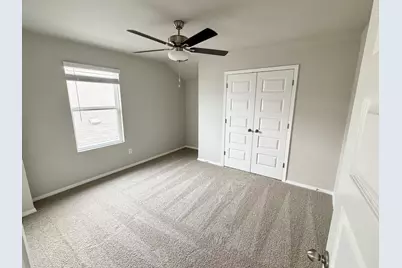 11624 Comano Drive, Austin, TX 78747 - Photo 19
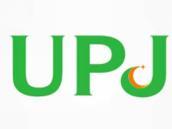 UPJ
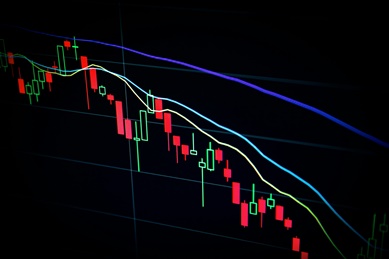 신세계인터내셔날 주가 전망 목표주가 급등주 매력포인트: 2024년 주식 트렌드 파악하기 - 신세계인터내셔날 주가와 신산업 동향과 투자 가능성 - 모든 영역 신세계인터내셔날 주가 전망 목표주가 급등주 매력포인트: 2024년 주식 트렌드 파악하기 - 신세계인터내셔날 주가와 신산업 동향과 투자 가능성 - 모든 영역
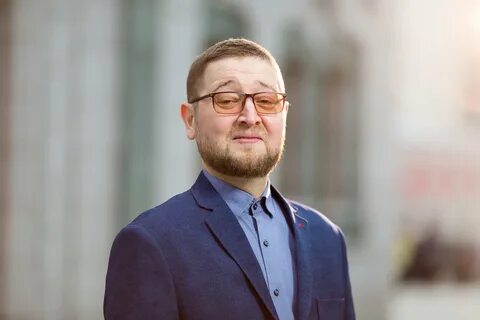 Ильдар аляутдинов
--------------------------------------------------
What is needed:
Once you find the line with "모든 영역 신세계인터내셔날", restate it and every later line of the data word for word, excluding the pictures.

Result for this exercise:
 신세계인터내셔날 주가 전망 목표주가 급등주 매력포인트: 2024년 주식 트렌드 파악하기 - 신세계인터내셔날 주가와 신산업 동향과 투자 가능성 - 모든 영역 신세계인터내셔날 주가 전망 목표주가 급등주 매력포인트: 2024년 주식 트렌드 파악하기 - 신세계인터내셔날 주가와 신산업 동향과 투자 가능성 - 모든 영역
 Ильдар аляутдинов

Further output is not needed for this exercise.